When I was in college I took psych and abnormal psych. This was back in the late seventies, so were still discussing Freud. (Do they discuss Freud anymore except for his historical value?) One of the psychological explanations for why people become junkies was that it took someone who had a problem-filled, complicated life, and simplified everything down to one all-important problem: 'Where do I get my next fix?' I always had trouble with that. The lives of alcoholics and drug addicts didn't seem to me to have traded a whole bunch of problems for one problem, but instead to have traded a whole bunch of problems for a whole bunch of other problems. But there is a way in which maybe an addiction organizes their life.

Cancer organizes my life. Christopher Davis had a link to counting spoons that illustrates an aspect of that (although I have a lot more energy than Christine Miserandino.) I started thinking about the way cancer organizes my life and how there are aspects of that I haven't worked through when Adam sent me a wonderful email about the blog. I emailed him back and told him jokingly that I didn't know what I was going to do in May when the cancer was gone.
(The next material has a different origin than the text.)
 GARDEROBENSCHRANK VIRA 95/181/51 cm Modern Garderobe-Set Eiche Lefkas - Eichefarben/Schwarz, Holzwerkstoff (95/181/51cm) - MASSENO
Well I do know what I'm going to do, I'm doing some writing related traveling, but that's beside the point. When I finish my chemo, I'll still feel puny for awhile, but I'll have to start re-organizing my life. And while there are a lot of disadvantages to Hodgkins, there are a lot of advantages, too. My life is so important! Life and death decisions are being made ever couple of weeks! Everything has this lurid dramatic light on it! I have cancer! People are super nice to me! I get to pick the restaurants! I have control of the remote!
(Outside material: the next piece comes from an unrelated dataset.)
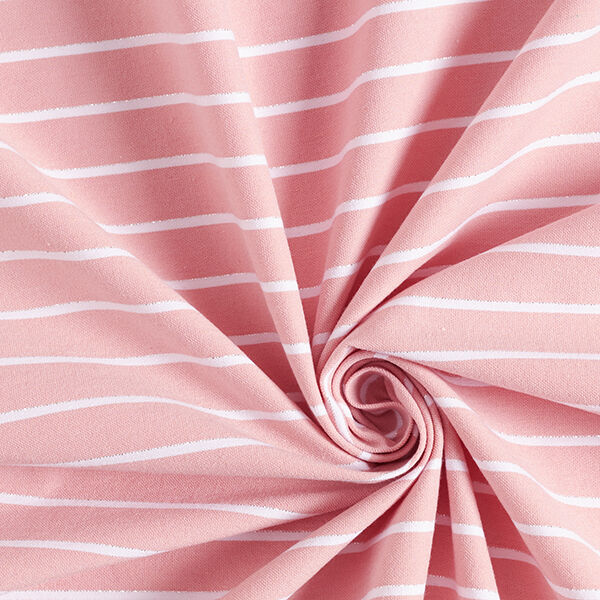 Viskose-Stretch mit Glitzerstreifen – rosa/weiss | Reststück 100cm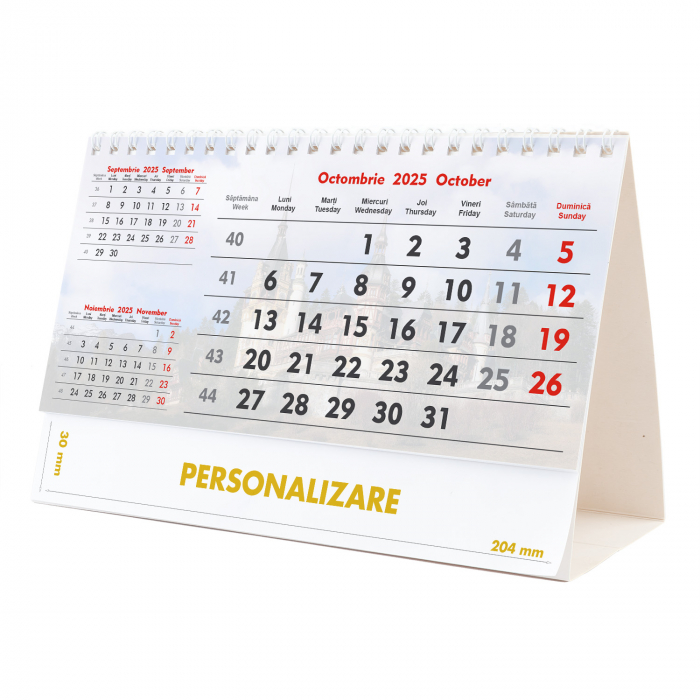 Calendar de birou Triptic - 6 file, CD [10]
It gives me a little empathy for the people who develop Factitious Disorders. Factitious Disorder is a psychiatric disorder where people feign illness by drinking household cleaners, giving themselves infected abscesses, and a whole host of other ruses. Turns out there is are people who have claimed that their wife and unborn child had been killed in a car accident to get into psychiatric hospitals. People who have something called Munchausen by Internet where they join internet support groups for illnesses and problems they don't have.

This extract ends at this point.